• Extracted records:
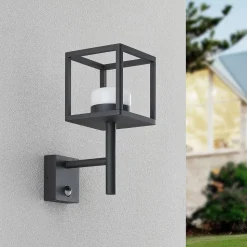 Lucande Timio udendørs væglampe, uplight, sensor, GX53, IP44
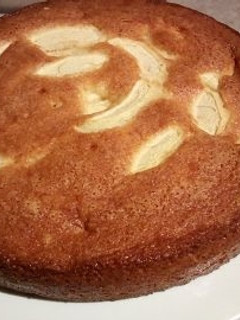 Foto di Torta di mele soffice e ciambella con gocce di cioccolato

...

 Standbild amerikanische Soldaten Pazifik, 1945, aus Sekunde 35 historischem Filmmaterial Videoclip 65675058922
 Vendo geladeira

• Exercise goal:
Excerpt from the records above: set down only the lines from the one that contains "Lucande Timio udendørs" through the one that contains "Foto di Torta", inclusive, word for word. Pictures stay out.

• Result of the task:
 Lucande Timio udendørs væglampe, uplight, sensor, GX53, IP44
 Foto di Torta di mele soffice e ciambella con gocce di cioccolato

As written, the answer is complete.